## What is being asked
Copy each line below as written, but skip the pictures.

## Source data
>>>

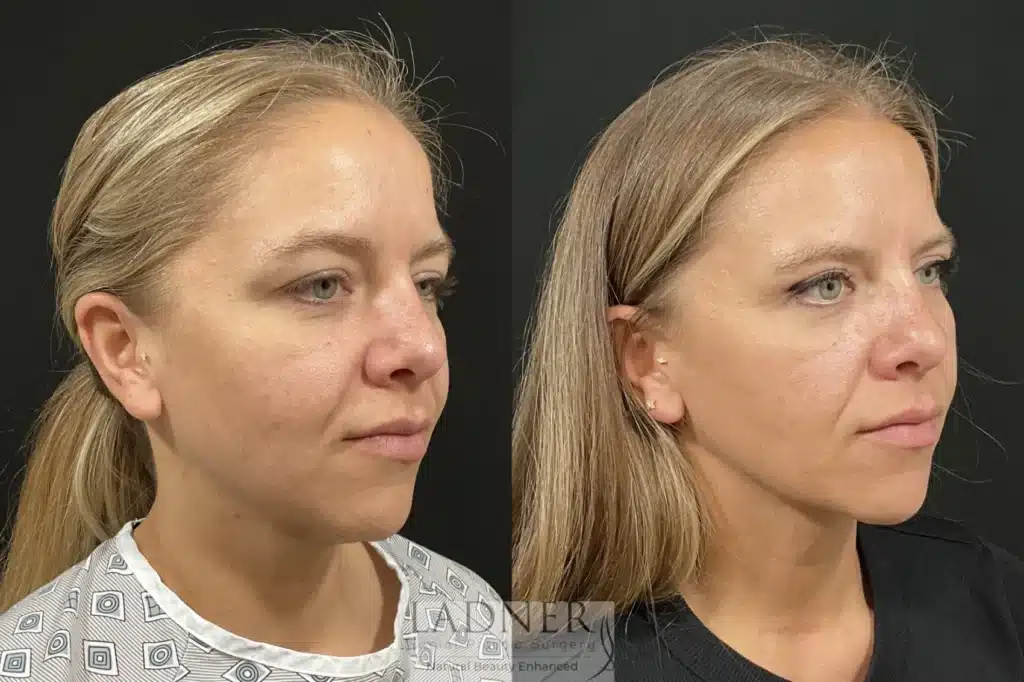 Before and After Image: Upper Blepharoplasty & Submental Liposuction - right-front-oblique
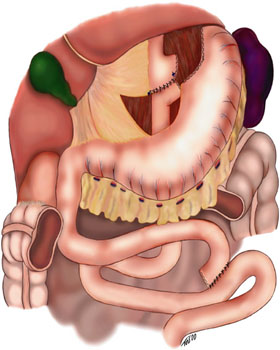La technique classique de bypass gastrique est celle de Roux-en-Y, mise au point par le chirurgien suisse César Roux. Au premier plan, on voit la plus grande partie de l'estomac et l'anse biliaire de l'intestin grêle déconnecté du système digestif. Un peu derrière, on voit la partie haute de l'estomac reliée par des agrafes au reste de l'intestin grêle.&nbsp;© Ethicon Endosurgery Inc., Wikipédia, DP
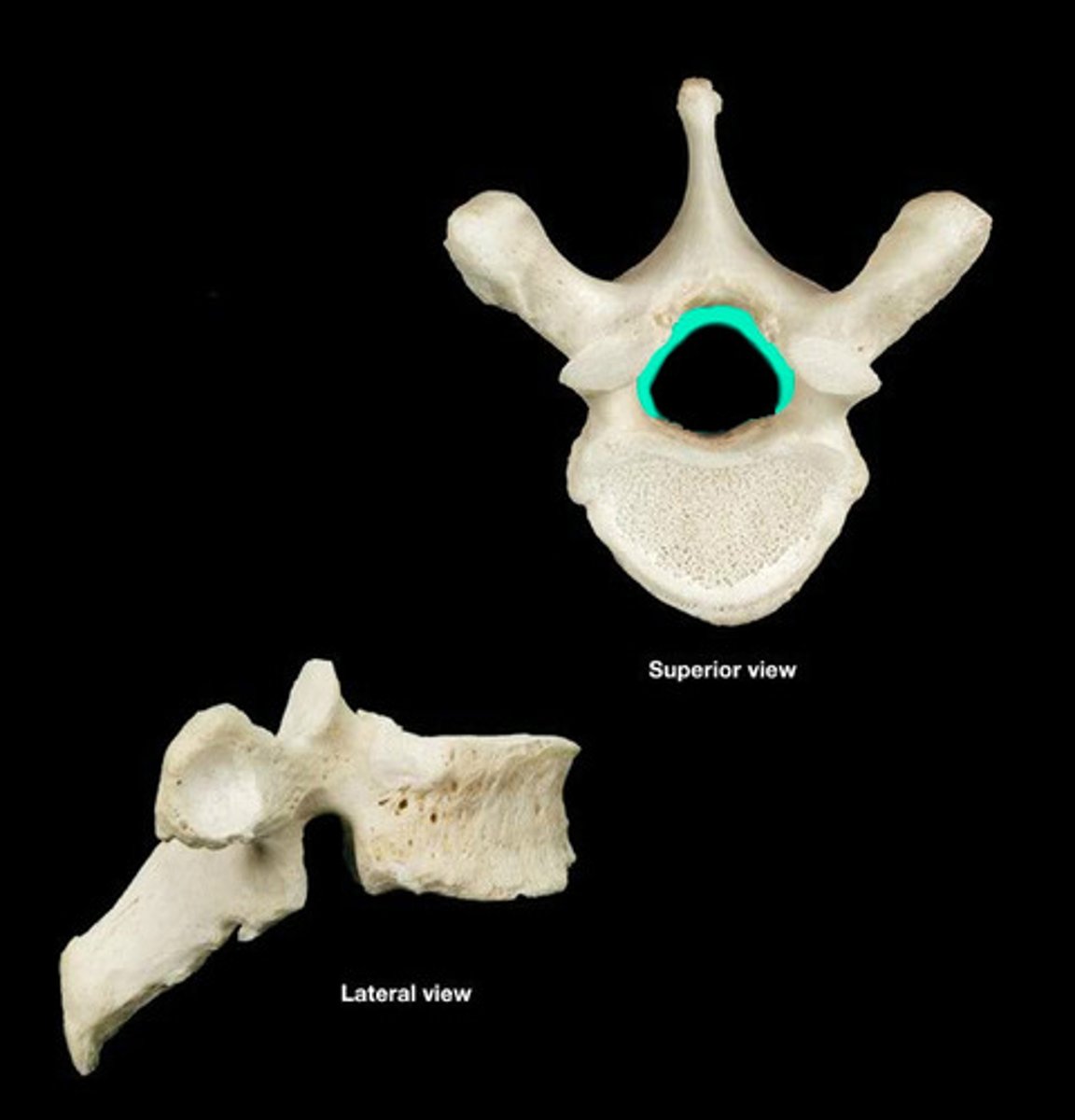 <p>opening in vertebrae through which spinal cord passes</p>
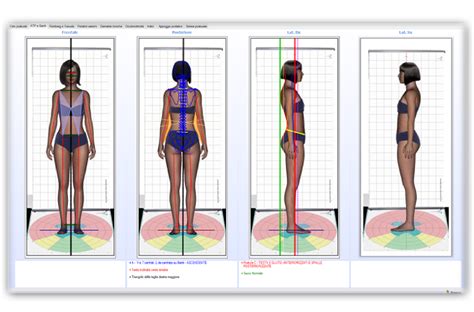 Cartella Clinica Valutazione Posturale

<<<

## Finished task
 Before and After Image: Upper Blepharoplasty & Submental Liposuction - right-front-oblique
La technique classique de bypass gastrique est celle de Roux-en-Y, mise au point par le chirurgien suisse César Roux. Au premier plan, on voit la plus grande partie de l'estomac et l'anse biliaire de l'intestin grêle déconnecté du système digestif. Un peu derrière, on voit la partie haute de l'estomac reliée par des agrafes au reste de l'intestin grêle.&nbsp;© Ethicon Endosurgery Inc., Wikipédia, DP
 <p>opening in vertebrae through which spinal cord passes</p>
 Cartella Clinica Valutazione Posturale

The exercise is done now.